Though rare, the judge also could throw either a truant student or the parent in jail for failing to follow court orders — a tactic that research shows makes things worse, not better.

“It creates another layer of trauma,” Suarez said.

A requirement for trust

A state Department of Justice study on truancy in Colorado shows that kids who have more than one hearing in truancy court are 18.5 times more likely to end up in juvenile detention and 14.5 times less likely to graduate than other truant kids.

Students sent to court or taking part in the review team are those who are considered habitually truant, defined in state statute as a child between 6 and 17 with four unexcused absences in one month or ten unexcused absences in a school year.

Attendance advocates in both districts say they try a slew of interventions before sending truant students to court, from sending a letter home when they first see an issue to meetings and home visits.
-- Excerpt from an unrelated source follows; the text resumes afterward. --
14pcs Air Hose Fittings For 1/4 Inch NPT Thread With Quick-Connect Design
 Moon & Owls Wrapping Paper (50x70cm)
Suarez, one of Boulder Valley’s three attendance advocates, said about 80 percent of Boulder Valley’s truancy cases are resolved before they need to be filed in court.

The cases that end up in court tend to be the most complex. Issues include homelessness, trauma, abuse, substance abuse and mental illness — and it often requires building trust to get a family to open up about those issues.

She said 70 to 75 percent of truant students also live in poverty.

“Poverty creates chaos,” she said. “Families can’t organize their lives if an emergency comes up. We want to provide healthier coping mechanisms.”

The review team starts with the child and adolescent needs and strength assessment to identify the highest need of a family, then provides one or two referrals to address that need.

While truancy court could feel adversarial for families, Suarez said, the review team wants to make sure parents feel supported, without judgement. Parents are offered options for services, not ordered to use them.

“It doesn’t matter how difficult a family’s situation might be, they all want their children to succeed,” Suarez said. “Once we can help the parents be more functional, the more effective we are with the kids.”

‘Struggling to attend’

Unlike truancy court, which was open to the public, the review team’s weekly discussions are closed. So the team provided a case study to the Daily Camera and Times-Call to show how the system works.

In the case study, a teen being raised by his grandmother was missing much more school than he was attending because “the very thought of walking into the building would lead to a panic attack.”

School supports didn’t help, and he was referred to the truancy review team for an assessment, which learned more about his anxiety, other stressors in his life and his strong desire to graduate from high school.

Along with one-on-one sessions at a local mental health center, the review team suggested he work with Workforce Boulder County’s GED Learning Lab. The Learning Lab provided tutoring to help him earn a GED. He recently completed his GED exam with honors.

“The review team is a group of people thinking through the needs of this population week in and week out,” Bonaiuto said. “They have a lot of expertise in working with families.”

While other courts in Colorado that switched to a similar model found that mental health or other services were lacking, Bonaiuto said, the bigger challenge here has been getting families to access the services.

“It’s a population that’s struggling to attend,” he said. “We follow up with the family after 10 days and after four months and try to remove barriers.”

While too many unexcused absences will land a student in truancy proceedings, local attendance advocates also want to reduce excused absences.

Once a student’s attendance drops to 90 percent attendance or less, excused or not, that’s when negative outcomes start to impact kids, Blough said.

“We’re looking more at chronic absenteeism as a district,” she said. “Really, the bottom line is we need to get kids to school.”